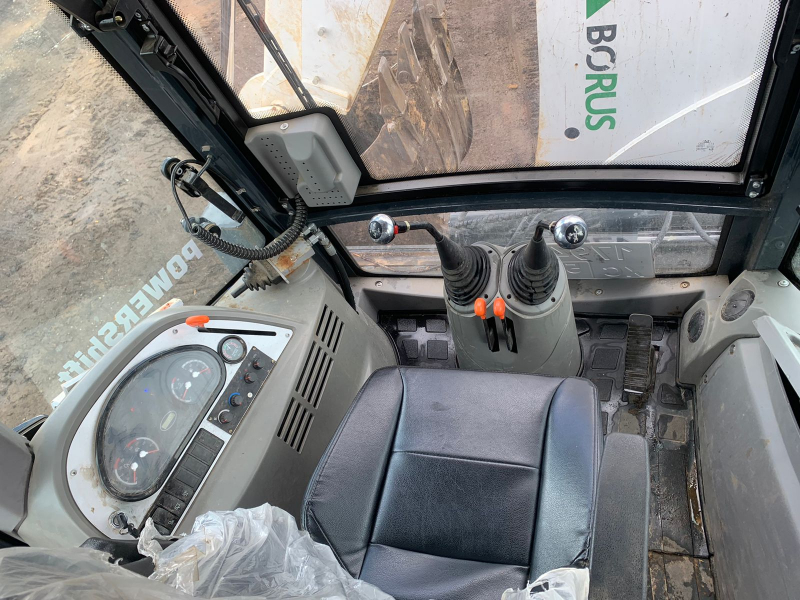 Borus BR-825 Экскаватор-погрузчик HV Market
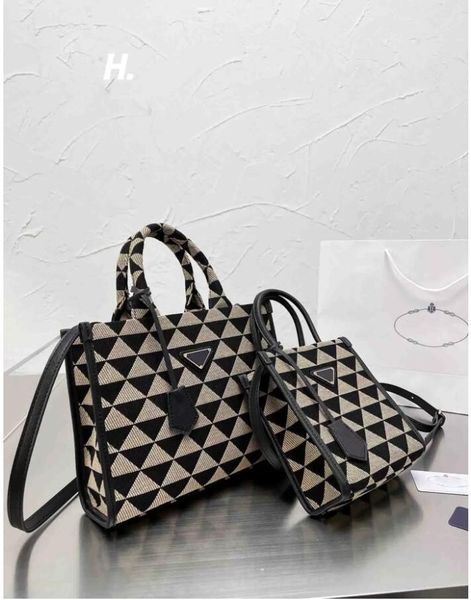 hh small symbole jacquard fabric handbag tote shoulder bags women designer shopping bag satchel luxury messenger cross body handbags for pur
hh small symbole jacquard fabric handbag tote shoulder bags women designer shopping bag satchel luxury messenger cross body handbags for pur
* * *
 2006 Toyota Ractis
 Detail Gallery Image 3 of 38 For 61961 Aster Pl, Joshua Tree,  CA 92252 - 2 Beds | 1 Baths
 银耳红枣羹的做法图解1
* * *
Work to complete
Please make an exact copy of the lines above from the line with "Detail Gallery Image" through the line with "银耳红枣羹的做法图解1", both ends included.

Output
 Detail Gallery Image 3 of 38 For 61961 Aster Pl, Joshua Tree,  CA 92252 - 2 Beds | 1 Baths
 银耳红枣羹的做法图解1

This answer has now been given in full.